For those that were around when I first left my faith, I found myself attempting to make a very passive departure from Christianity. I even started learning about other faiths and was interested in some kind of “live and let live” mentality. Over time my journey took a more frustrating turn as I dealt with the social ramifications of leaving a faith in the area that I live and with the friends and family that I was surrounded by. I was immediately seen as someone who was lost and needed prayer. This led me to talking bluntly about how I felt about religious faith. I became defensive about my position and was ready to give everyone the middle finger if they couldn’t just let me be.
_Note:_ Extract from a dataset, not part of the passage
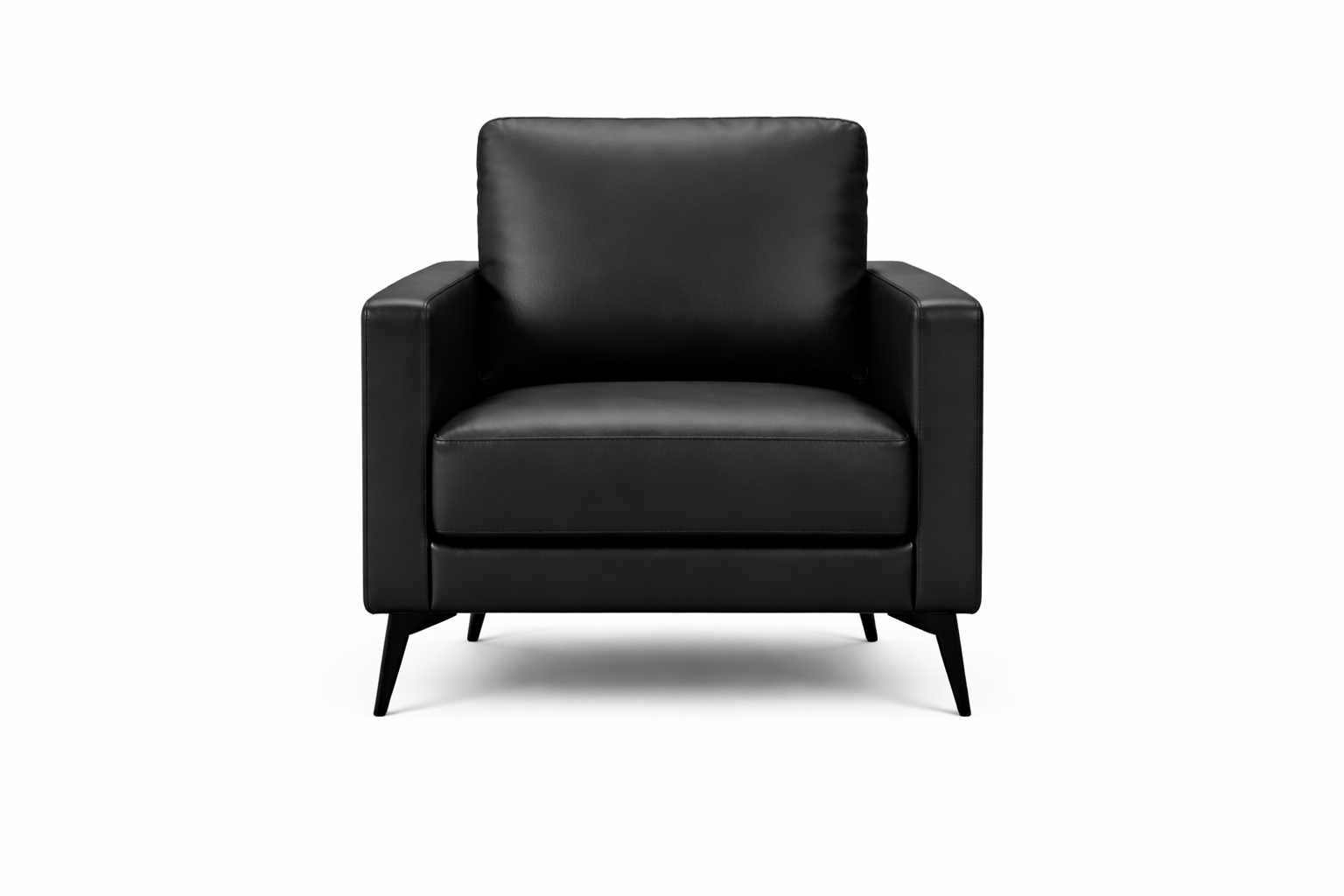 Tribeca Chair Only Black- Front View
Just a few months ago in the spirit of pluralism and in giving in to some sort of innate desire to live at peace with those around me, I started trying to look at religion very differently. Inspired partially by Chris Stedman’s book, ” Faithiest”, I became intrigued by the idea that perhaps humanists could find a seat at the table of interfaith dialogue. I was mostly drawn to this idea because I really do believe that we can’t spend our time constantly arguing with one another. I was tired of the debates about the existence of god and was ready to move on and seek out things we could agree on with the religious community. I have a few friends who subscribe to pretty liberal religious beliefs with whom I disagree with on very few things. I imagined a world where this happened on a much broader scale than with just a friend or two. In order to pursue better collaboration, I was willing to make some concessions about my feelings on organized religion and to tone down my criticism.
Though I had considered that it could possibly be a good idea to curtail the religious criticism, I’m having trouble maintaining that position in light of the alleged role that religion played in the Boston tragedy. To be clear I’m not advocating for prejudice, discrimination, intolerance, or combativeness with the religious community. I’m merely reserving the right to criticize what I find to be destructive ideologies. I’m annoyed this week by people loudly proclaiming that these people only represent extreme fundamentalism and that their faith is different. I’m not annoyed because it’s not true, I’m annoyed because people are so averse to any kind of religious criticism. People love to throw around the word “Islamaphobia” and to criticize anyone who points out the rather obvious fact that these terrorists are simply following some teachings in their holy books. I understand and agree that there are millions of decent, loving, and caring Muslims who find personal comfort and happiness in their faith without being a danger to society. However, I also have to admit that they are only able to do this by ignoring some of the teachings of Islam. It’s not bigotry to point out that there are harmful teachings within their religion. In fact, it’s not bigotry to point out that there are harmful teachings in Christianity, too. Regardless of how emphatically someone may insist that they structure their life around the teachings in the bible, it is rare to find someone who hasn’t shed many things that their holy book recommends (thankfully). To avoid repeating myself and continuing to share the evil things taught in the bible, I’ll simply point anyone interested to the website http://www.evilbible.com/.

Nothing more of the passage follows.